▶ [Directions for this task] An exact transcription of every record below is required, with the pictures left out.

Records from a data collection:
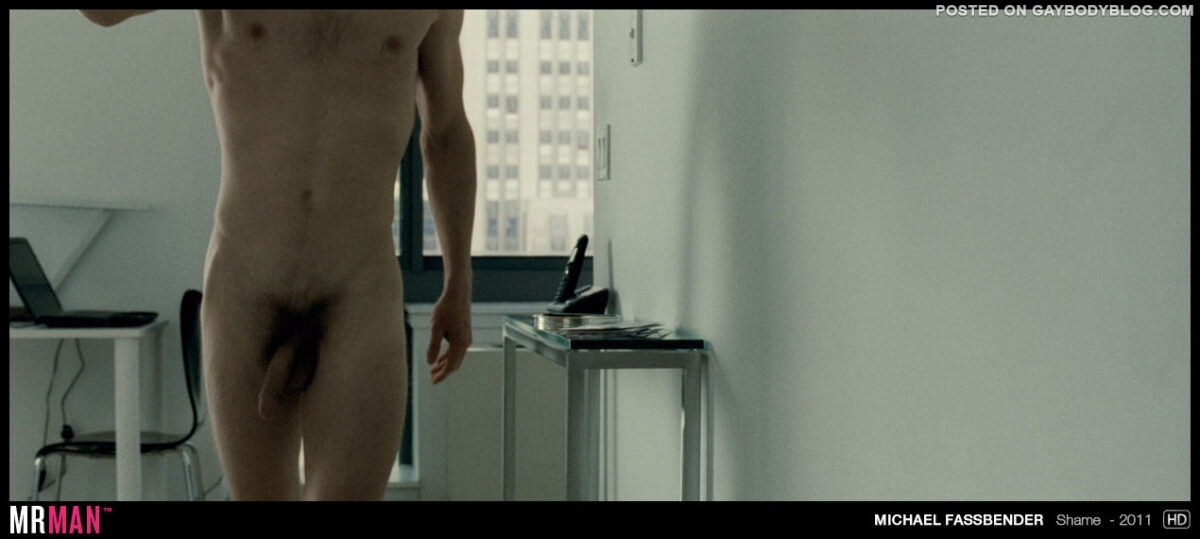 Michael Fassbender Full Frontal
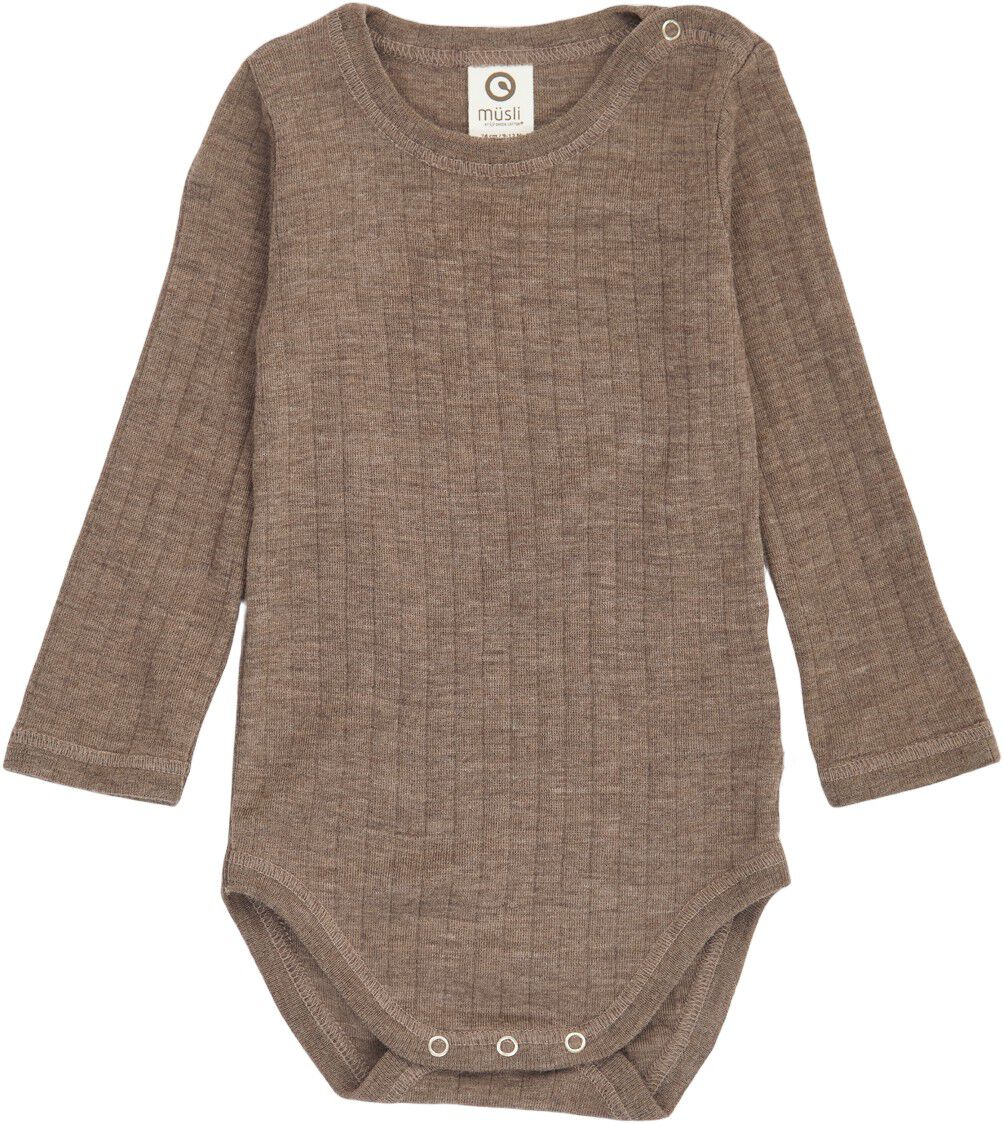 Woolly rib l/s body
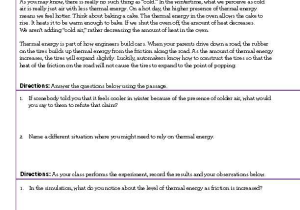 Conservation Of Energy Worksheet Answer Key as Well as Free Stem Worksheets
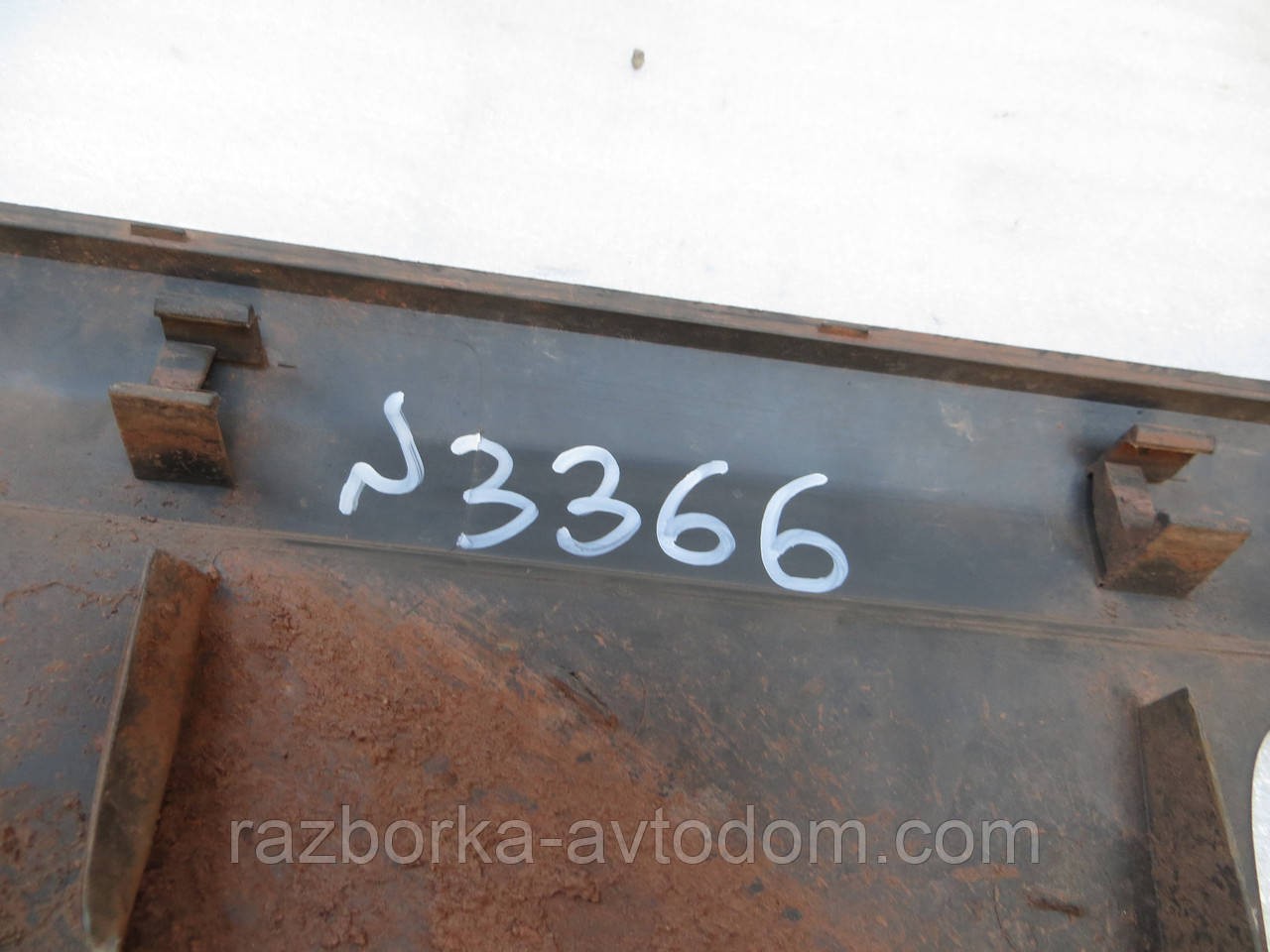 Молдинг кузова права бічна Iveco Daily E3 (2000-2005) OE:500334451, 500334455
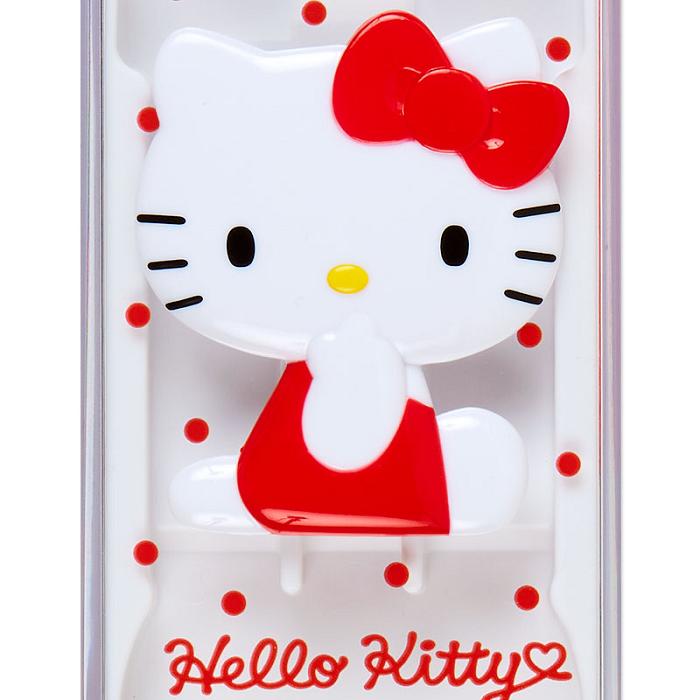 Red Hello Kitty Hello Kitty Smiles Utensil Set Trio | CA_HK47246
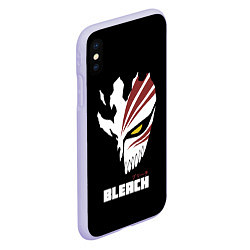 Чехол iPhone XS Max матовый BLEACH MASK, цвет: 3D-светло-сиреневый — фото 2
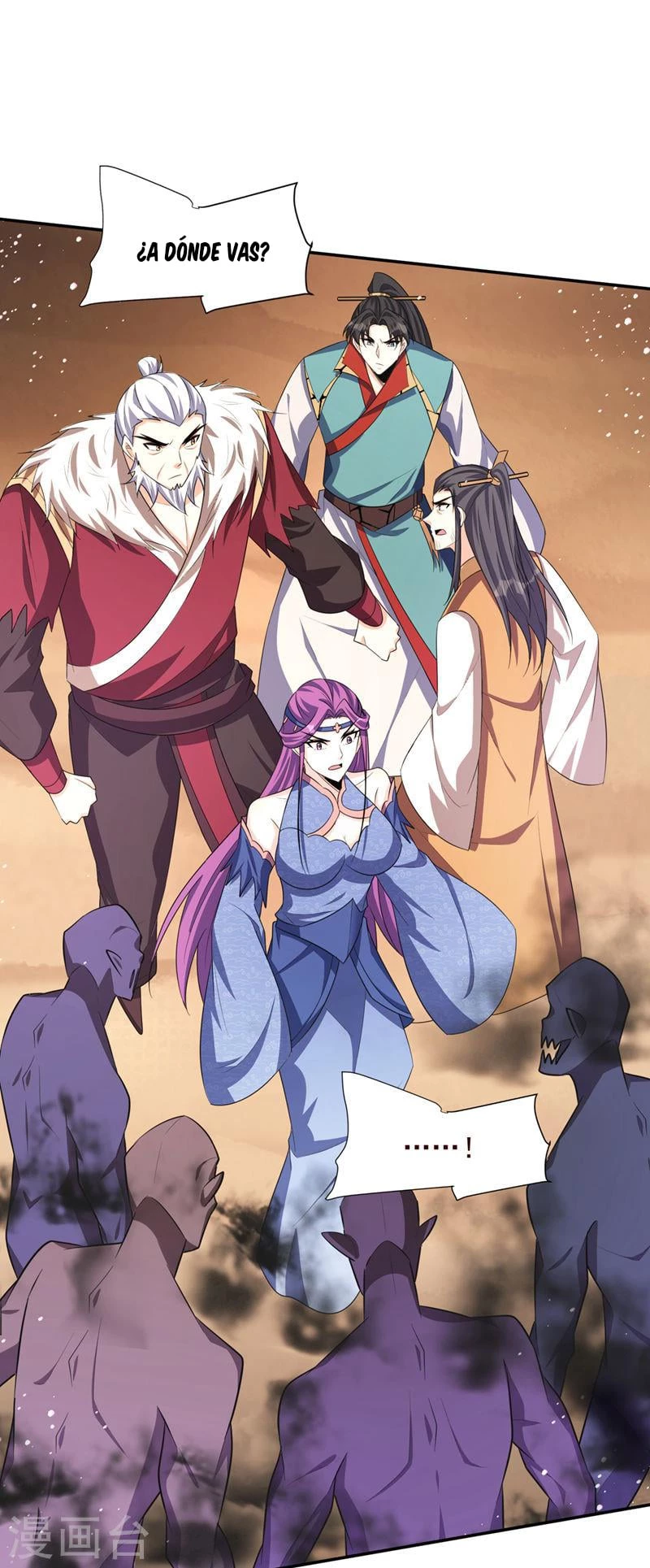 Rise Of The Demon King > Capitulo 327 > Page 321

▶ [Reply]
 Michael Fassbender Full Frontal
 Woolly rib l/s body
 Conservation Of Energy Worksheet Answer Key as Well as Free Stem Worksheets
 Молдинг кузова права бічна Iveco Daily E3 (2000-2005) OE:500334451, 500334455
 Red Hello Kitty Hello Kitty Smiles Utensil Set Trio | CA_HK47246
 Чехол iPhone XS Max матовый BLEACH MASK, цвет: 3D-светло-сиреневый — фото 2
 Rise Of The Demon King > Capitulo 327 > Page 321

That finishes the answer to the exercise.